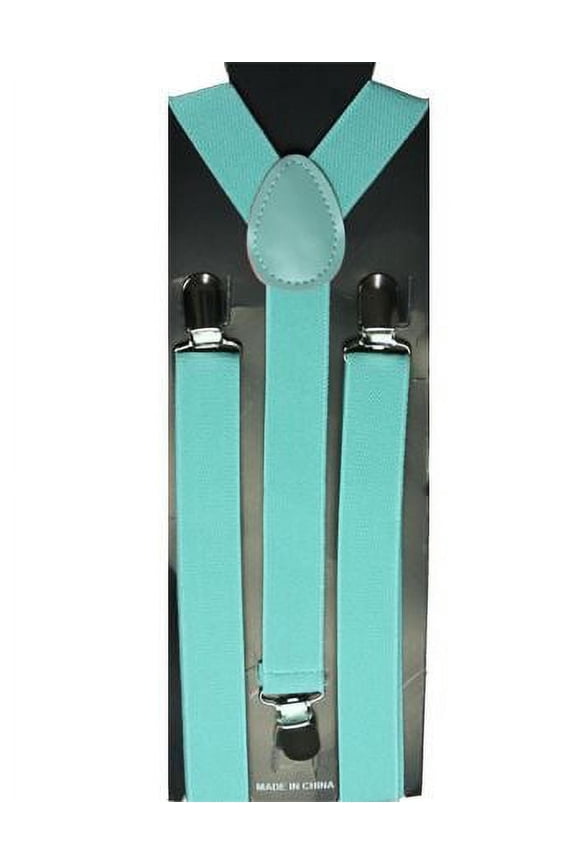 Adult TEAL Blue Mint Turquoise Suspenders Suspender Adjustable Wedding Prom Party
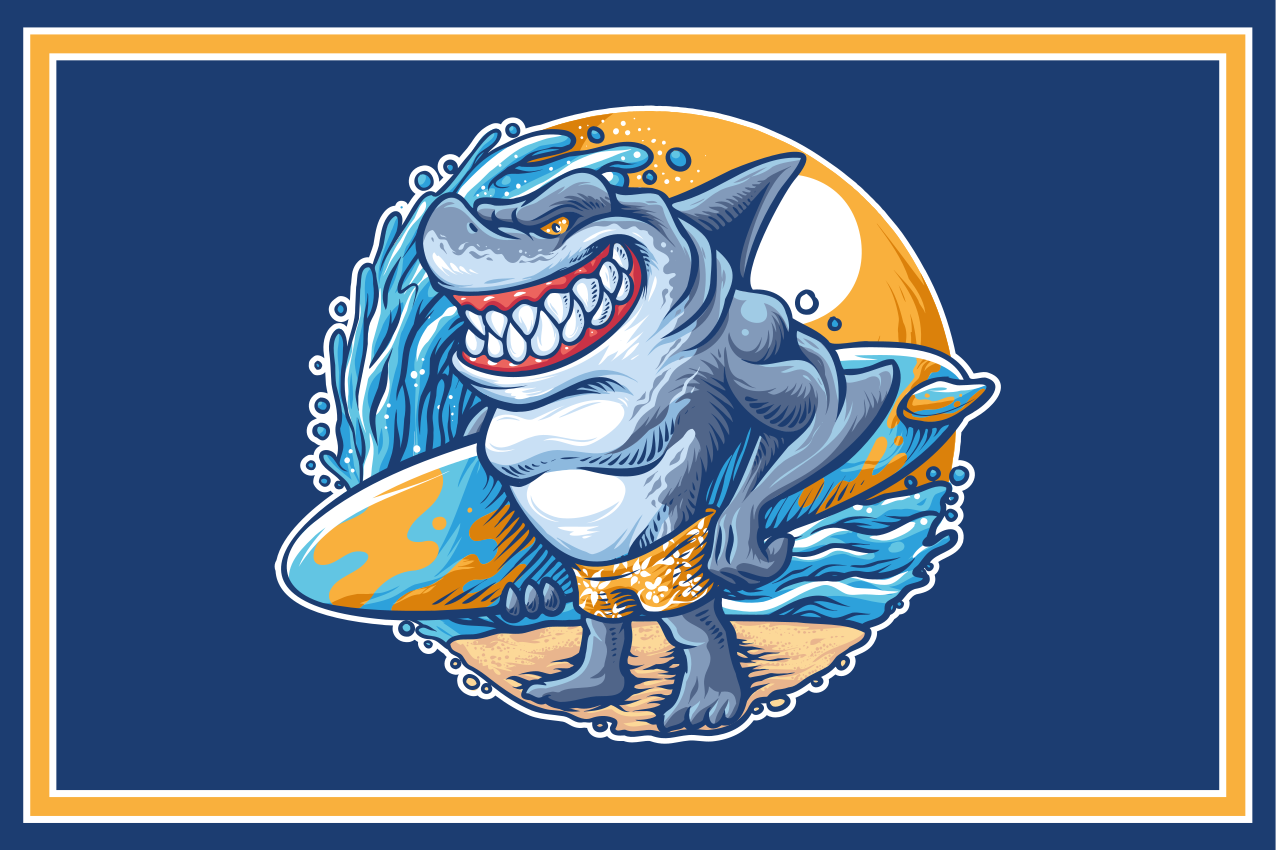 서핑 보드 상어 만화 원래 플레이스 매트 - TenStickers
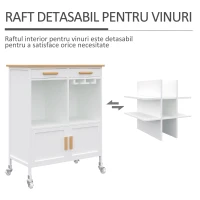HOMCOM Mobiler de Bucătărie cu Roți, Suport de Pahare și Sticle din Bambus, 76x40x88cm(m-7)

════════════════

--- The task ---
Transcribe every line of the listing above exactly; skip the pictures.

--- Solution to the problem ---
 Adult TEAL Blue Mint Turquoise Suspenders Suspender Adjustable Wedding Prom Party
 서핑 보드 상어 만화 원래 플레이스 매트 - TenStickers
HOMCOM Mobiler de Bucătărie cu Roți, Suport de Pahare și Sticle din Bambus, 76x40x88cm(m-7)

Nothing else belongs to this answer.